Lines to return, exactly: from the line with "1 muerto, 4" to the line with "Finlandia Botanical Wildberry" in the entries below, both included.

DATA SHOWN:
· · ·

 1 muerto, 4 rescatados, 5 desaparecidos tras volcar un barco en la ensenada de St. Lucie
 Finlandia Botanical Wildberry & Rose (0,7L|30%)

· · ·

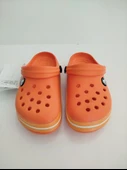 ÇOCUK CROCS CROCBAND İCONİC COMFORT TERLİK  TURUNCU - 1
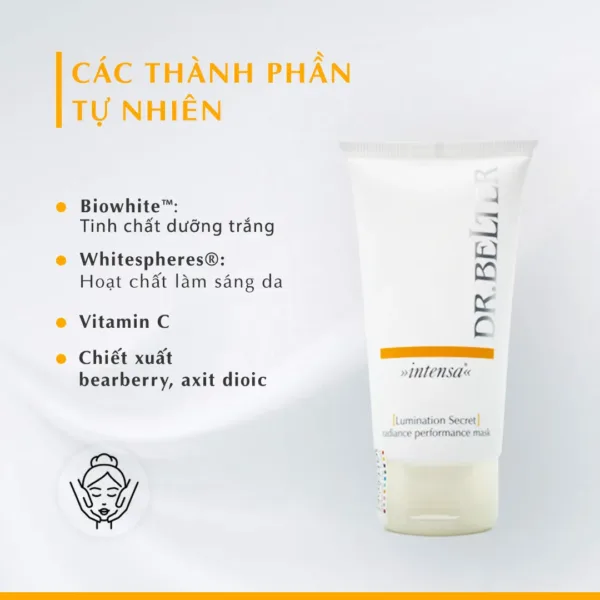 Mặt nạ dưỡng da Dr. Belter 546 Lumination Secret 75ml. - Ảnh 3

· · ·

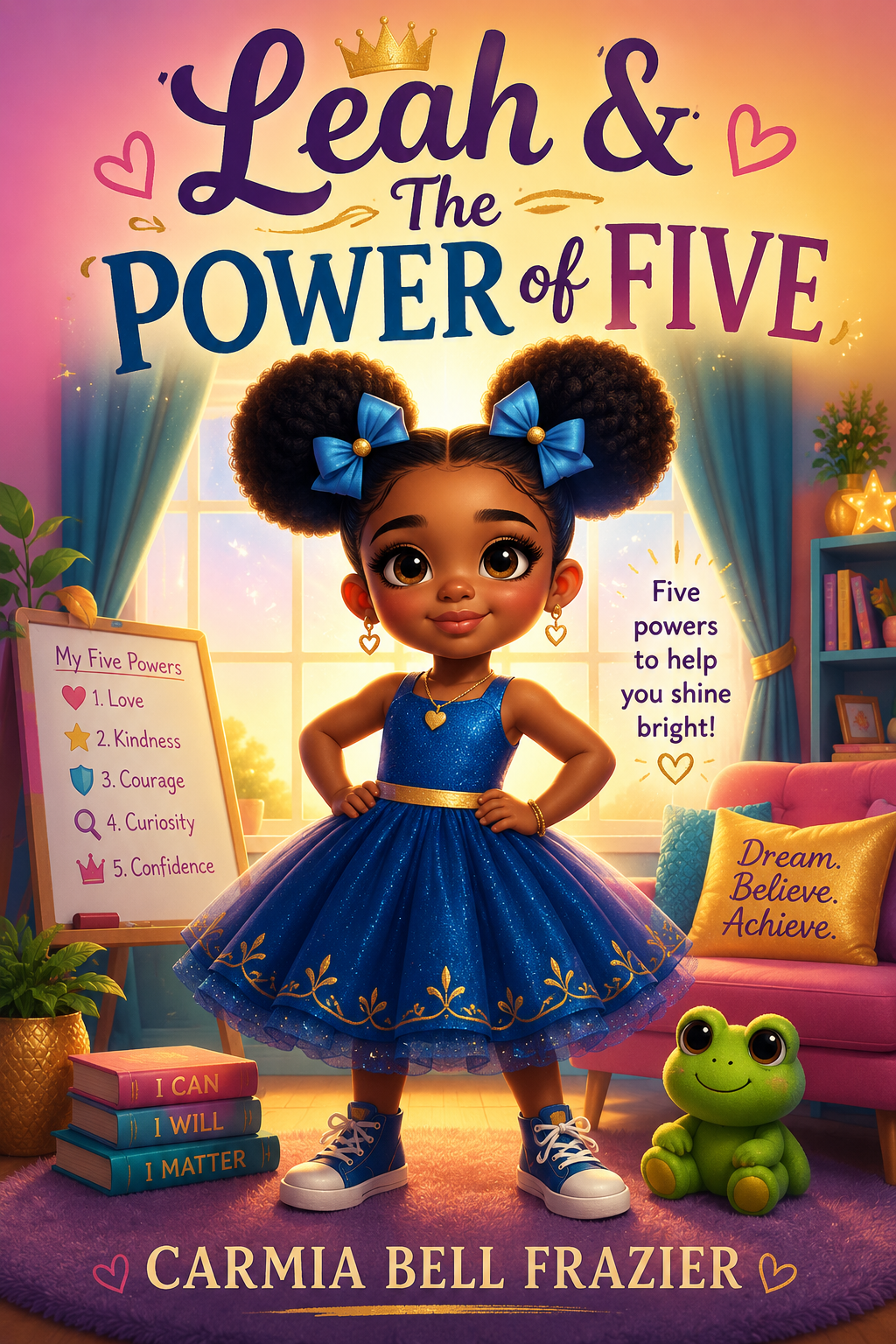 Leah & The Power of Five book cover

· · ·

EXPECTED OUTPUT:
 1 muerto, 4 rescatados, 5 desaparecidos tras volcar un barco en la ensenada de St. Lucie
 Finlandia Botanical Wildberry & Rose (0,7L|30%)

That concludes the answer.